A descendent of the Kuku (far-North Queensland) and Erub/Mer (Torres Strait Islands) people, Deacon was awarded the Fellowship for her significant contributions to the Indigenous community and the field of contemporary art. Specifically designed to provide funds for career development, Deacon plans to use the Fellowship to make new work, spend time writing and explore publishing options for a book.
Explaining her plans further Deacon says, “I want to create a picture book and exhibition (photography, video, installation) about my experiences growing up in Melbourne from 1959 onwards. Images and words sharing my activist history and knowledge, and depicting the people and objects of the times, will be expressed through impressions and scenarios filled with humour and sadness.
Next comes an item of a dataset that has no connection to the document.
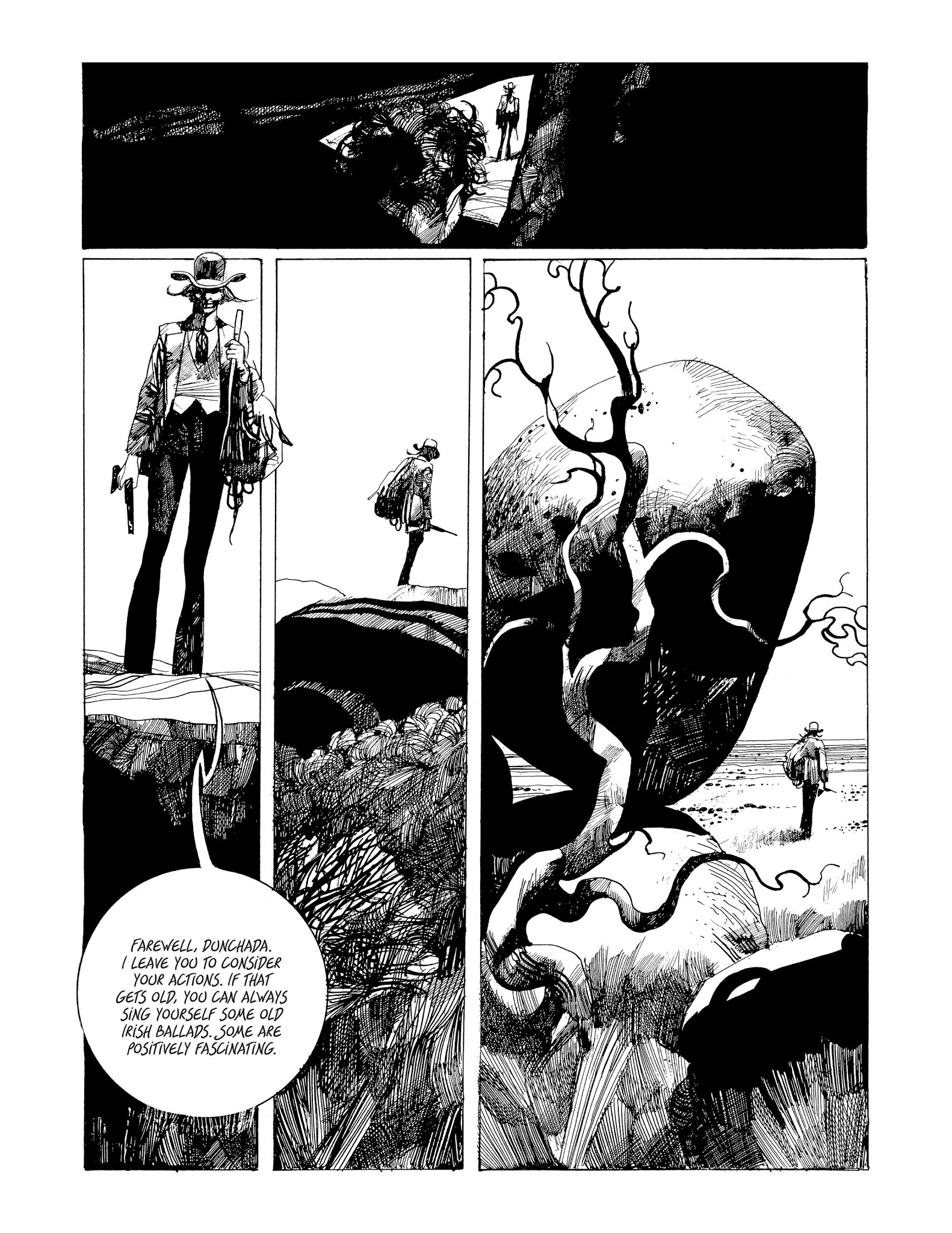 Read online The Collector comic -  Issue # TPB (Part 2) - 74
My Fellowship research will entail getting back into these experiences with places and those who know these memories.”
As an artist working across the mediums of video, photography, installation and performance, Deacon creates complex visual depictions of race relations in Australia. Known for using Koori kitsch dolls and souvenirs to illustrate autobiographical and fictitious scenes, particularly through photography, Deacon was chosen from a pool of open-call expressions of interest by the Yalingwa Advisory Group. The group is comprised of representatives of the Indigenous community acting in consultation with the directors of ACCA and TarraWarra Museum of Art.
In a statement the Yalingwa Advisory Group said, “The decision to award the Yalingwa prize to Destiny Deacon recognises the vital role this important artist has played in changing the way the broader community understands and engages with Indigenous art. Destiny is a true trailblazer, inventing the terms ‘Blak’ and ‘Blakness’ in the 1990s, terms now used widely within the Indigenous and wider communities to describe contemporary Aboriginal identity and experience.”
In addition to time spent as a teacher and broadcaster, Deacon started creating art in the 1990s. Throughout her 30-year artistic career, Deacon has been part of many significant exhibitions including Documenta 11 Kassel, 2002 and the major 2004 solo exhibition, Destiny Deacon: walk and don’t look blak at Sydney’s Museum of Contemporary Art.
Commenting on Deacon’s Yalingwa Fellowship and the important place she holds within the timeline of contemporary Australian art, ACCA artistic director and CEO Max Delany stated in a recent press release, “Destiny Deacon is a most fitting inaugural recipient of this prestigious and important new award. Her artistic practice is marked by a wicked yet comedic disposition, and her low-fi approach to art making, where friends, family and members of Melbourne’s Indigenous community appear in mischievous narratives, has amplified and deconstructed stereotypes of Indigenous identity and history.”
Launched in 2017, the Yalingwa visual arts initiative will award the Yalingwa Fellowship every two years.
The initiative also includes three curatorial positions and three exhibitions to be held biannually across ACCA and TarraWarra Museum of Art.
The first Yalingwa exhibition, A Lightness of Spirit is a Measure of Happiness, has been curated by inaugural Yalingwa curator Hannah Presley and is showing at ACCA until mid September. Prior to her new role at ACCA, Presley recently worked as Tracey Moffatt’s curatorial assistant at the 2017 Venice Biennale and is ACCA’s first Indigenous curator in an ongoing position.